President Obama’s selection of Francis Collins to direct the National Institutes of Health has led to unusually passionate posts from the right, especially here at Townhall. Michell Malkins’ Two Scientists Two Standards and Ken Conner’s Science: Theists Need Not Apply aptly sum up in their titles concerns about double standards involving religious faith and public service, especially in scientific fields. Conner charged that “Religious bigotry is alive and well in the scientific community, as evidenced by its response to President Obama's decision to appoint Dr. Francis Collins as the head of the National Institutes of Health.” And Cal Thomas added in President Obama’s Excellent Choice his take that “it troubles some secularists who believe science should proceed unrestrained by any higher principles than what can be achieved in a laboratory.”

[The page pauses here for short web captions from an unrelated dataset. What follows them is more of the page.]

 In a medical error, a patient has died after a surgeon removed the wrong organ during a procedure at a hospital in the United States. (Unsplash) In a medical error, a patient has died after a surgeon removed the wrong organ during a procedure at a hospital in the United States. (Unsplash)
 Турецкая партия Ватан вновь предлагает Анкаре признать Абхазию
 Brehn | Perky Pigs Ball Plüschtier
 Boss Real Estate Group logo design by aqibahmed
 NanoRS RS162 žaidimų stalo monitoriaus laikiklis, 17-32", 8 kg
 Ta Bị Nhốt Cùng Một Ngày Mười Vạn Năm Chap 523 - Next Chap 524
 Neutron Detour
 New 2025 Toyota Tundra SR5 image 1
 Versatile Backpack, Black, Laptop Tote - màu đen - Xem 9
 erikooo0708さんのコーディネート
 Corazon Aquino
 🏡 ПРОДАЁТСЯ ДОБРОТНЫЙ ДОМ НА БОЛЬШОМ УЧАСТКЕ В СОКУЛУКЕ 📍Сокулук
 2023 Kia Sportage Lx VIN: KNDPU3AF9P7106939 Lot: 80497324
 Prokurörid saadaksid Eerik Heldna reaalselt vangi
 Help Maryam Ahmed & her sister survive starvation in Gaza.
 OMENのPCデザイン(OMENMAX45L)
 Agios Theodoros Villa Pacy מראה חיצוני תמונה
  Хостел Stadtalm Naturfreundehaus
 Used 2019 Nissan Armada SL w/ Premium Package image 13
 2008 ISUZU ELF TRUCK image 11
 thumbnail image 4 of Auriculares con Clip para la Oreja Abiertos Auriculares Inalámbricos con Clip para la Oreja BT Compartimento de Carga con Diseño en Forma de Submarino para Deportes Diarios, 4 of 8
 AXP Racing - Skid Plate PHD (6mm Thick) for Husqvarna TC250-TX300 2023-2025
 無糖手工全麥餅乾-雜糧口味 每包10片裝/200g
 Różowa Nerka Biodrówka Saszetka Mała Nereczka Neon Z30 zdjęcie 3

These views are unusually passionate in that the reaction to the selection of Collins has been rather quiet so far. Perhaps more of the alleged bigotry will manifest itself in the days ahead when both science organizations and editors of science journals have had more time to digest the news. Until now, most of the major new outlets (CNN: Washington Post) and major science publications (Nature; Scientific American) carried innocuous straightforward accounts of Collins that focused as much on his guitar playing as on his religious views. There does not seem to be widespread bigotry to Obama’s selection in the science community at all. The New York Times, citing anonymous sources of course, suggested that there are some reservations out there. Since the article citied anonymous sources, however, the point is irrelevant. And no one can accuse the Times reporters of membership in the scientific community. The paper’s reporters are trained to write well; most of them know next to nothing about science or religion.
More important is the misunderstanding of these conservative commentators on the nature of science and its relationship to religion. Science as “first order” knowledge is the examination of the physical world using empirical modes of inquiry. Now its methods are subject to analysis and criticism from a philosophical point of view. Philosophy can be helpful as “second order” knowledge by using its own mode of inquiry to help science clarify definitions, refine explanatory models, and design experiments, etc. When people criticize science for its materialistic or atheistic world view, however, they make two errors.
First, they forget that because of the object of its study and its mode of inquiry, science cannot factor the possible existence of a deity into their explanatory models. Scientists focus on the material world and natural forces. Traditionally, a supreme being is conceived as an immaterial being--a mind without a body--if you will. Consequently, no supreme being can be discovered by science and its empirical modes of inquiry. The possible existence of a supreme being will become an object of scientific study only if science develops a way to detect the existence of immaterial entities (a human soul? angels? ghosts? a truly conservative Republican presidential candidate?).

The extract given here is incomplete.